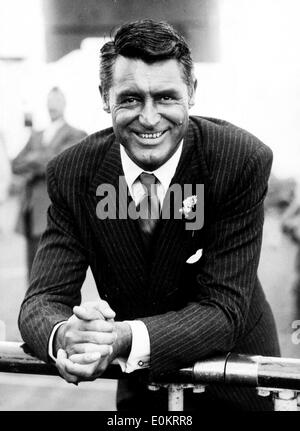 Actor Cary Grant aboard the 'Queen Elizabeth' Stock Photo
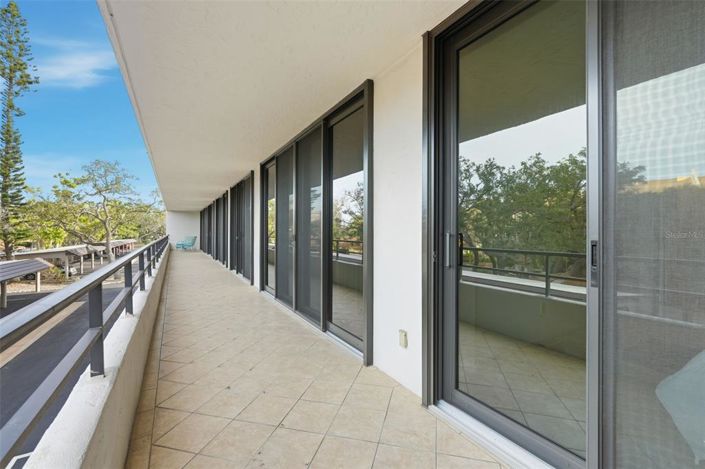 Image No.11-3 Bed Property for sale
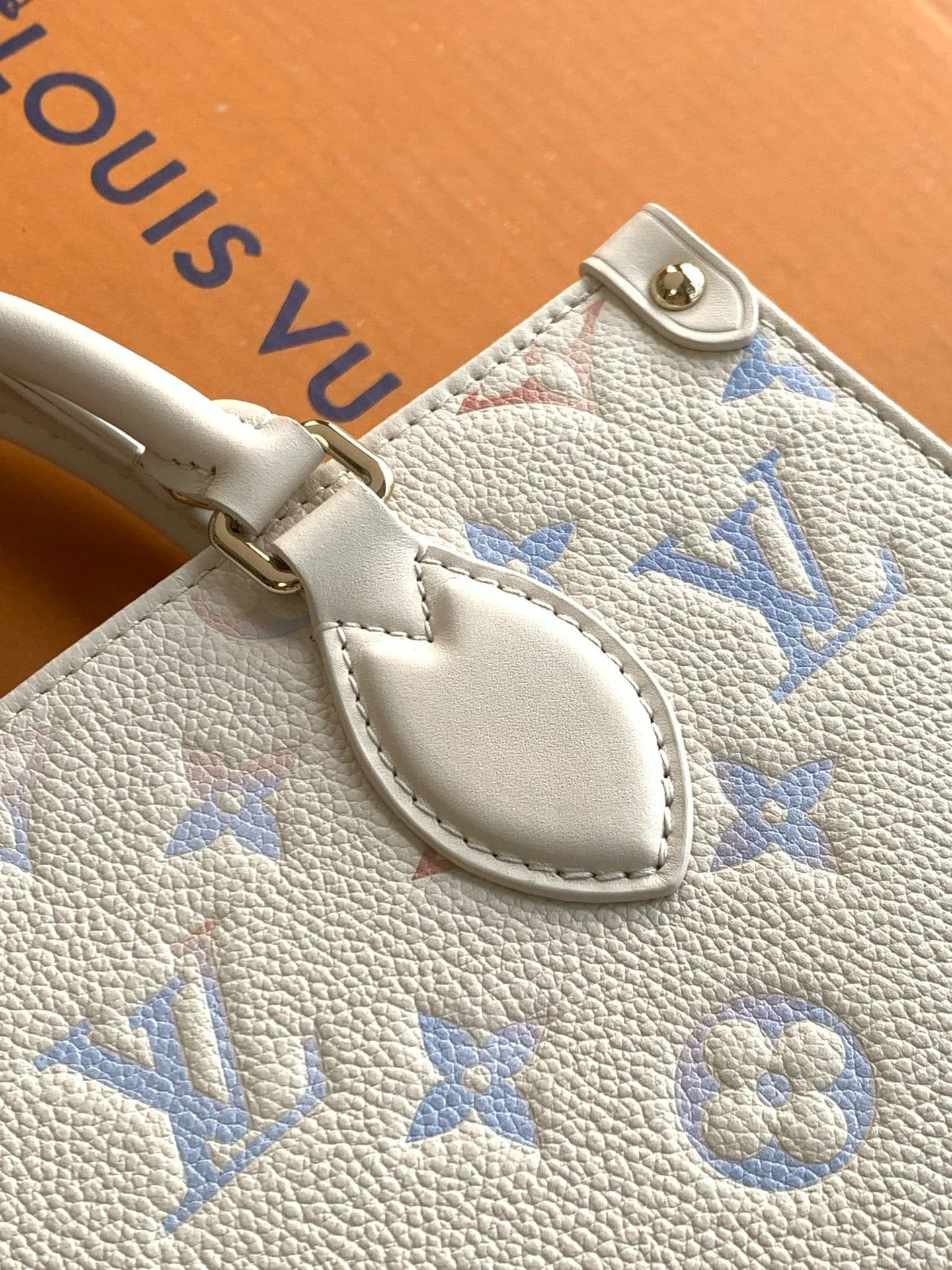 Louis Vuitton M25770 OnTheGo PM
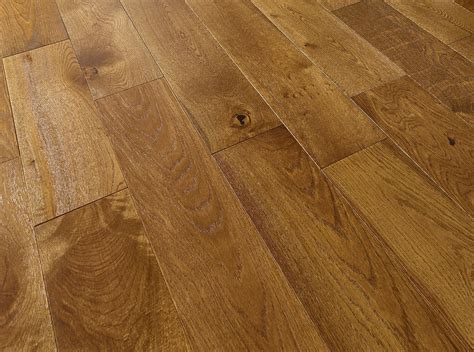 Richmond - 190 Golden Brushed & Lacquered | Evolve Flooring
---
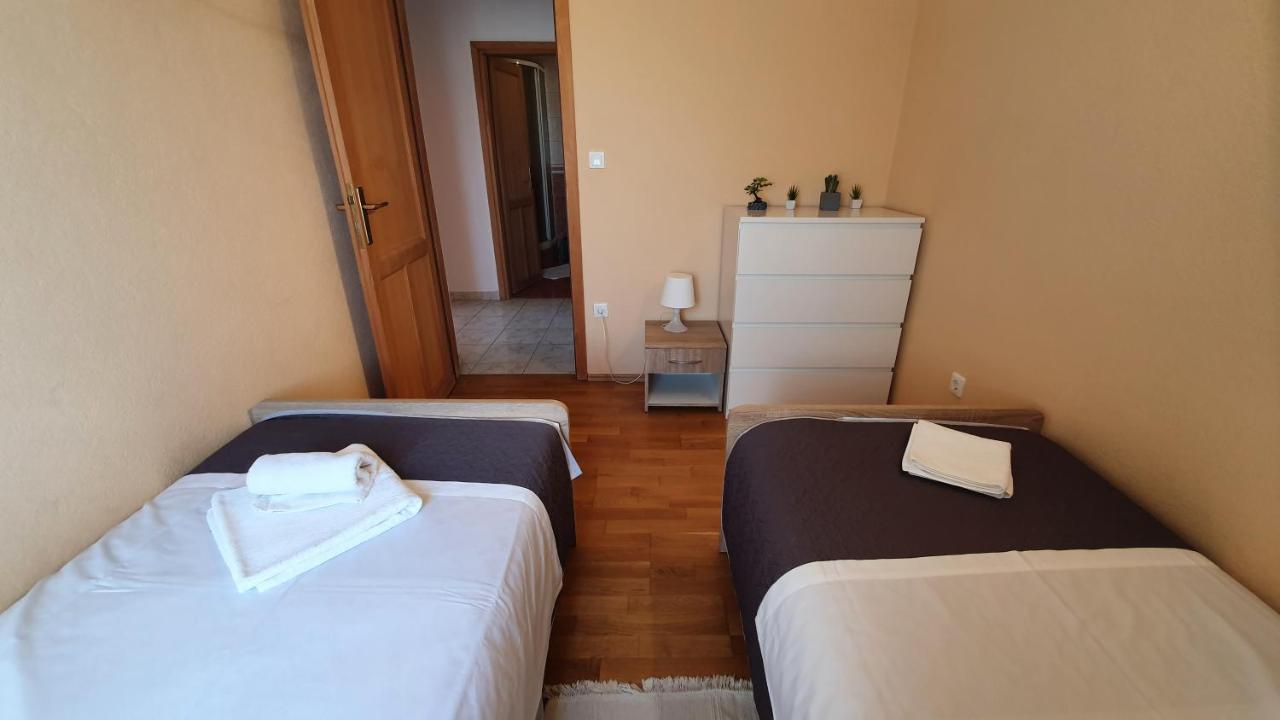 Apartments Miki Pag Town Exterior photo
==
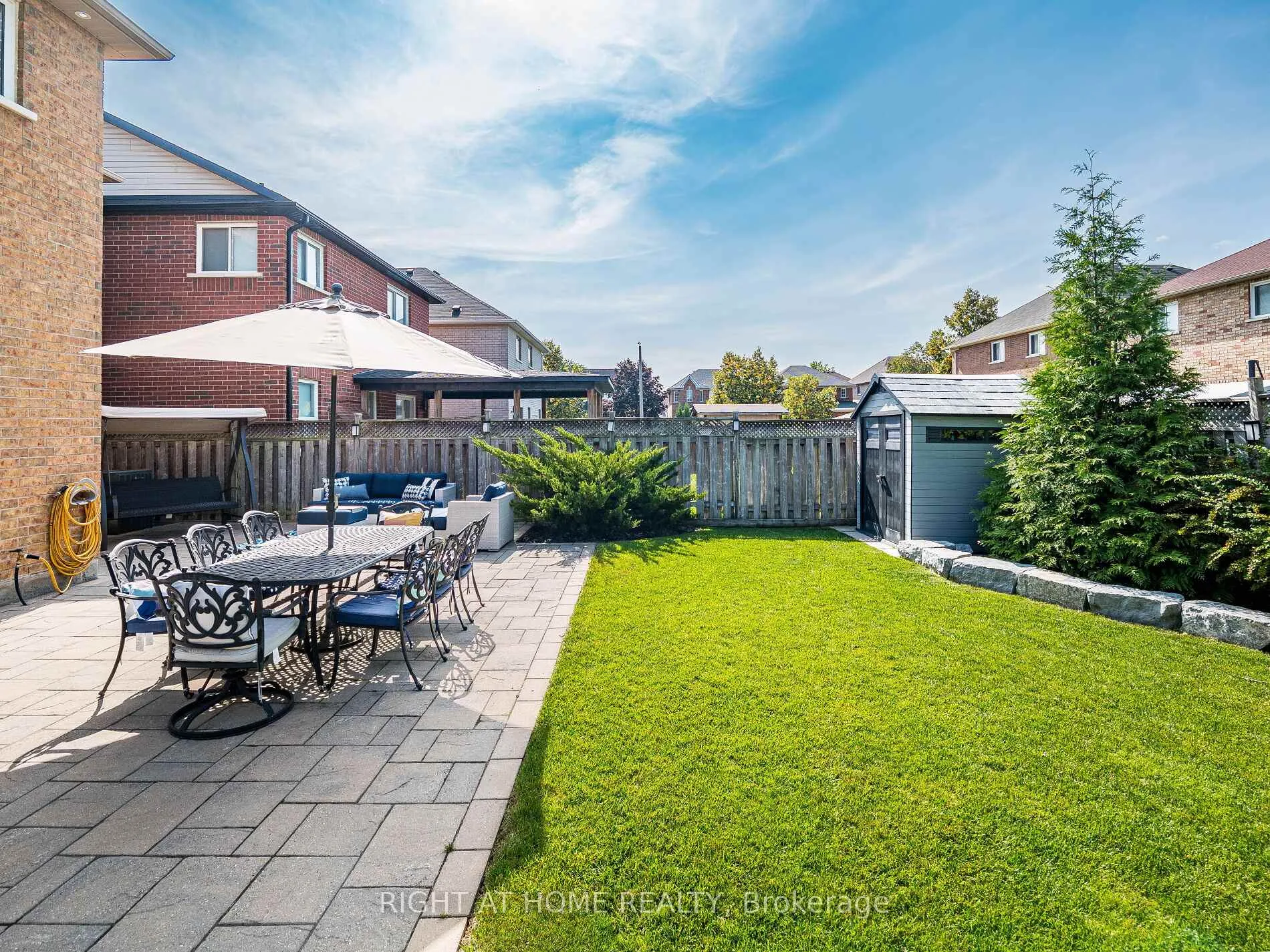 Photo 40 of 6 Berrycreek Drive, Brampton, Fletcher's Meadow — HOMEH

* BRIEF: Copy out the lines above from the line containing "Actor Cary Grant" through the line containing "Richmond - 190", exactly, and keep the pictures out.

* ANSWER TO THIS PROBLEM:
 Actor Cary Grant aboard the 'Queen Elizabeth' Stock Photo
 Image No.11-3 Bed Property for sale
 Louis Vuitton M25770 OnTheGo PM
 Richmond - 190 Golden Brushed & Lacquered | Evolve Flooring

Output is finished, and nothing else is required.